ECO credit still applies :thumbup: i will update when I get a chance


----------



## [email protected] (Jun 28, 2012)

mullini said:


> Sorry to be slow - so I have paid a $1000 deposit on a 2013 X1 due to arrive in a couple weeks, and we have an agreed on price. So even if I finance through BMW, I can't make use of the X1 $500 credit?


sure you can as long as you finance with FS


----------



## TxnBluDvl (Mar 12, 2002)

[email protected] said:


> *ECO credit -*
> Discounted off selling price
> Non FS funded contracts okay
> ED okay
> ...


Hi Justin -- sorry, just to confirm. The X5d eco credit went down $1,500 to $3,000 for all MY13's X5 35d's? So, the only way people are going to get the $4,500 is taking a MY12 car off the lot?


----------



## [email protected] (Jun 28, 2012)

TxnBluDvl said:


> Hi Justin -- sorry, just to confirm. The X5d eco credit went down $1,500 to $3,000 for all MY13's X5 35d's? So, the only way people are going to get the $4,500 is taking a MY12 car off the lot?


affirmative :thumbup:


----------



## mullini (Aug 27, 2012)

[email protected] said:


> sure you can as long as you finance with FS


Thanks Justin. I was confused because the Holiday section says "Does not reduce the selling price". But I guess there are other ways to apply it, even if I have technically already paid the deposit.
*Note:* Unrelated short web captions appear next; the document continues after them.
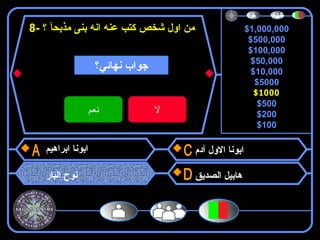 $1,000,000
$500,000
$100,000
$50,000
$10,000
$5000
$1000
$500
$200
$100
8- ‫مذبحآ‬ ‫بنى‬ ‫انه‬ ‫عنه‬ ‫كتب‬ ‫شخص‬ ‫اول‬ ‫من‬‫؟‬
‫ابراهيم‬ ‫ابونا‬
‫البار‬ ‫نوح‬
‫آدم‬ ‫الول‬ ‫ابونا‬
‫الصديق‬ ‫هابيل‬
$1000
‫نهائي؟‬ ‫جواب‬
‫نعم‬ ‫ل‬
 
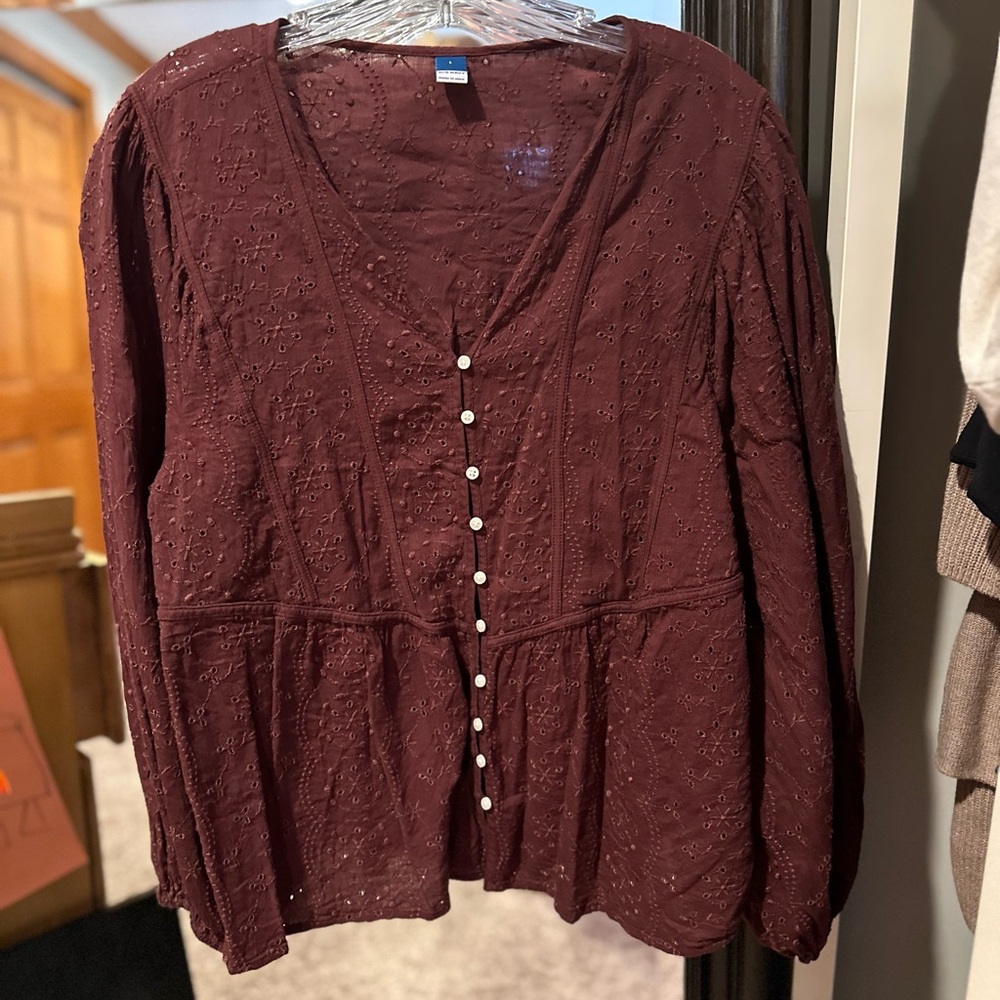 Old Navy Red Puff Sleeve Blouse with Peplum Style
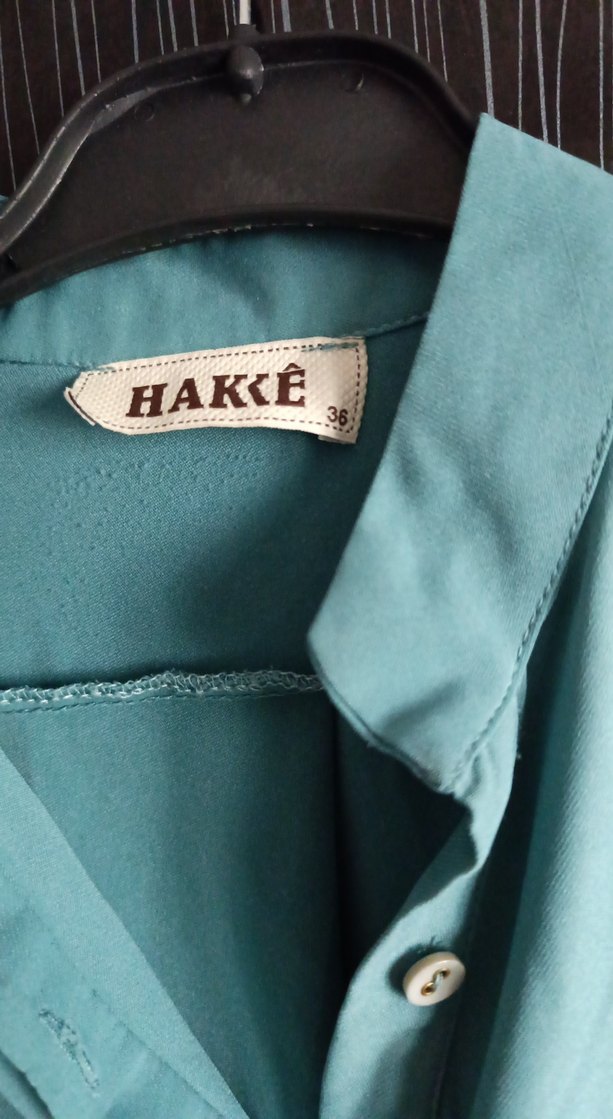 Turkuaz Düğmeli Salaş Kadın Gömlek - Görsel 3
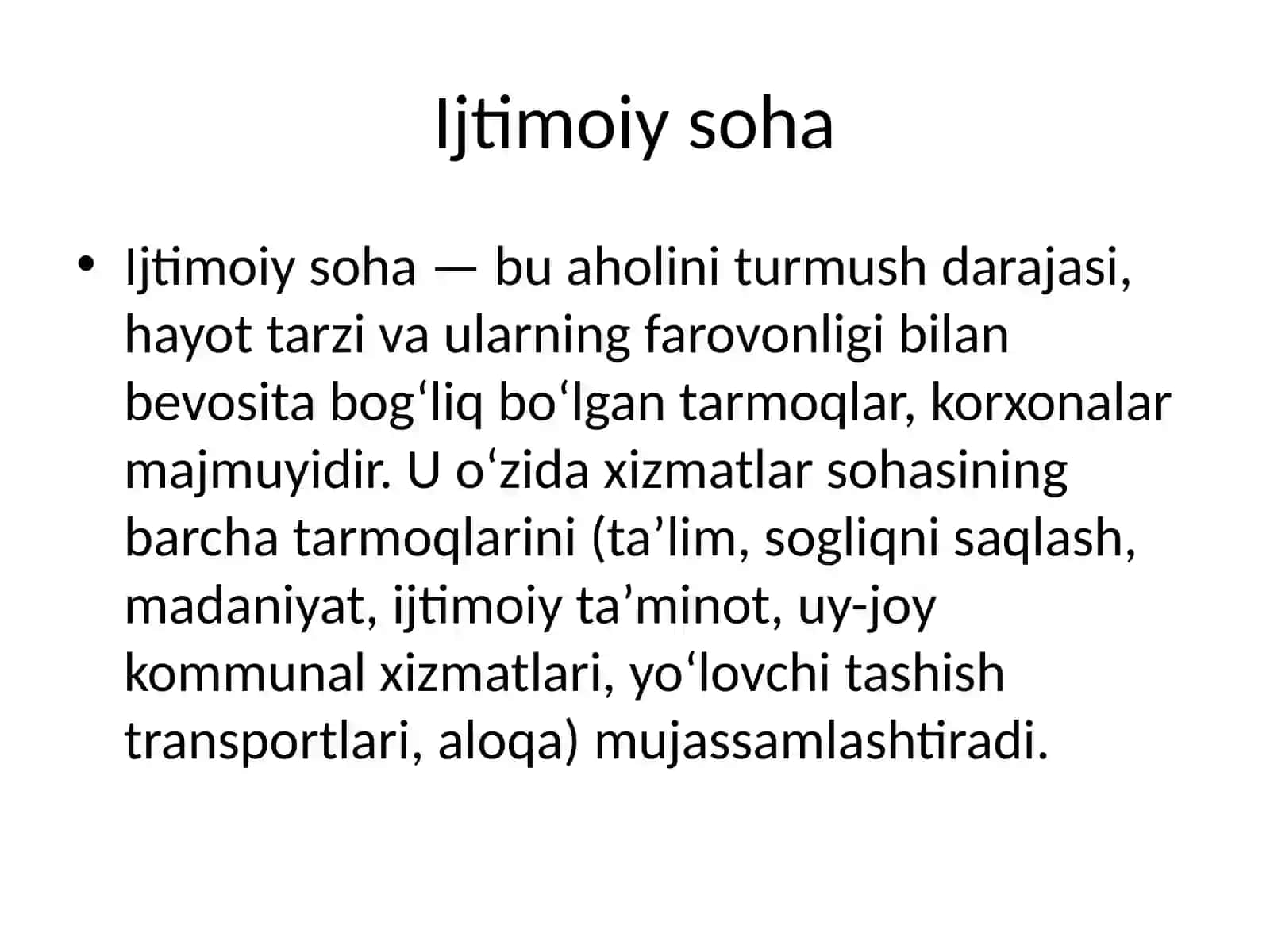 JAMIYATNING IJTIMOIY SOHASI VA DAVLATNING IJTIMOIY SIYOSATI 2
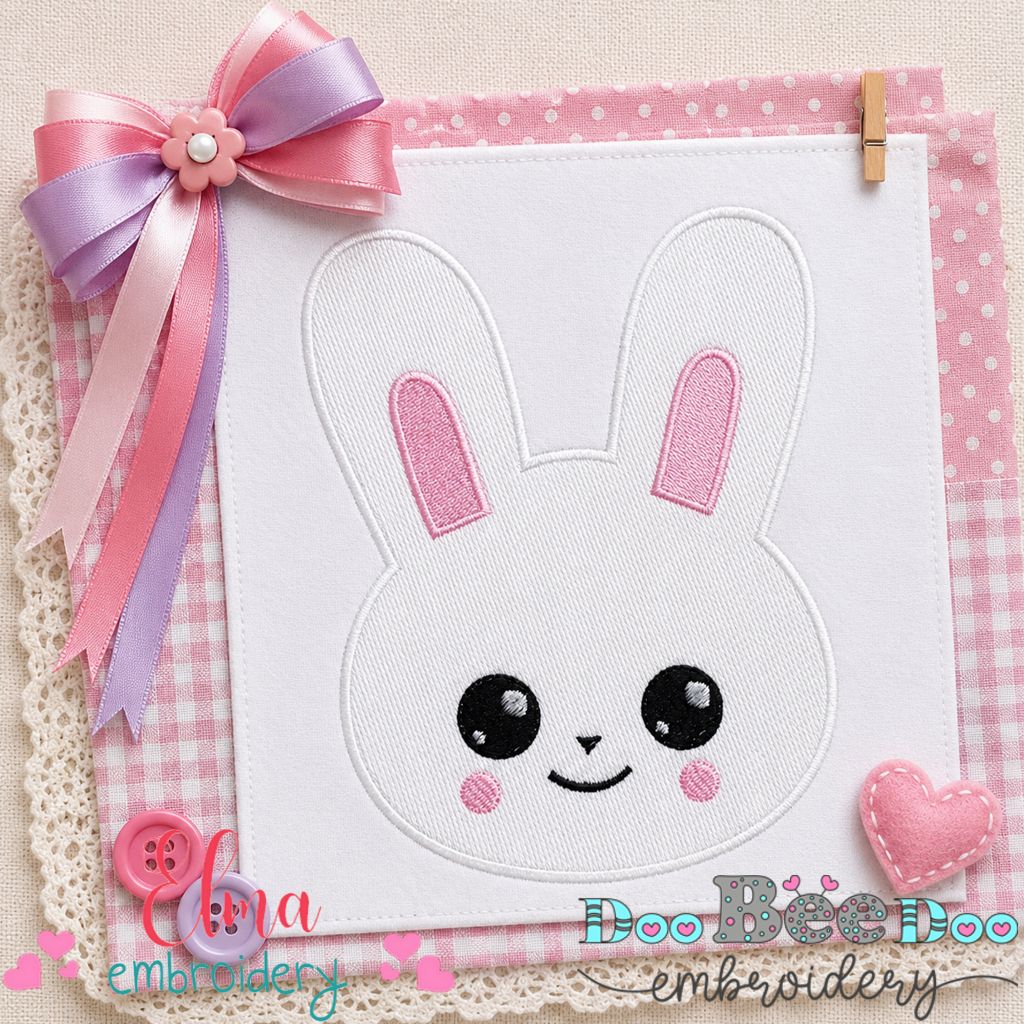 Smiling Easter Bunny Face - Fill Stitch – Machine Embroidery Design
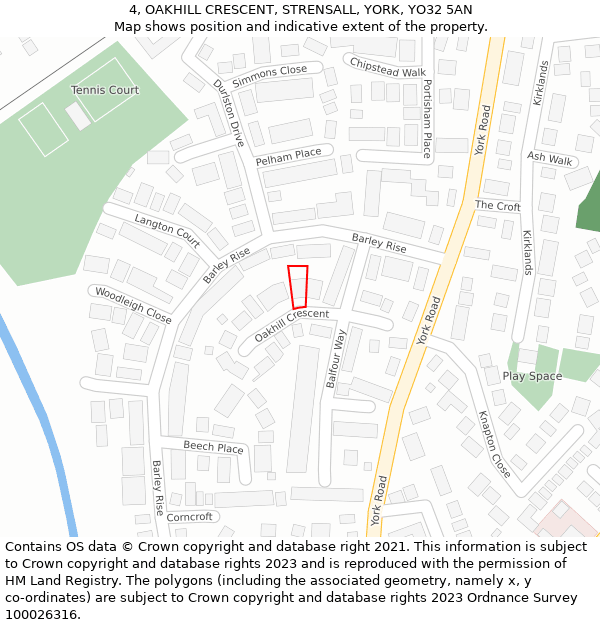 4, OAKHILL CRESCENT, STRENSALL, YORK, YO32 5AN: Location map and indicative extent of plot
My CA told me, "We'll apply all available incentives when you come in to pick it up."


----------



## mclaren (Jan 5, 2005)

I used the hc and loyalty as a cap cost reduction. This saves money.


----------



## Yay-Z (Aug 13, 2007)

Does pull ahead apply if you have a my11 but your lease ends in April?

My current ca seems to not think so.


----------



## [email protected] (Jun 28, 2012)

Yay-Z said:


> Does pull ahead apply if you have a my11 but your lease ends in April?
> 
> My current ca seems to not think so.


Sorry only on 2010 models


----------



## [email protected] (Jun 28, 2012)

mullini said:


> Thanks Justin. I was confused because the Holiday section says "Does not reduce the selling price". But I guess there are other ways to apply it, even if I have technically already paid the deposit. My CA told me, "We'll apply all available incentives when you come in to pick it up."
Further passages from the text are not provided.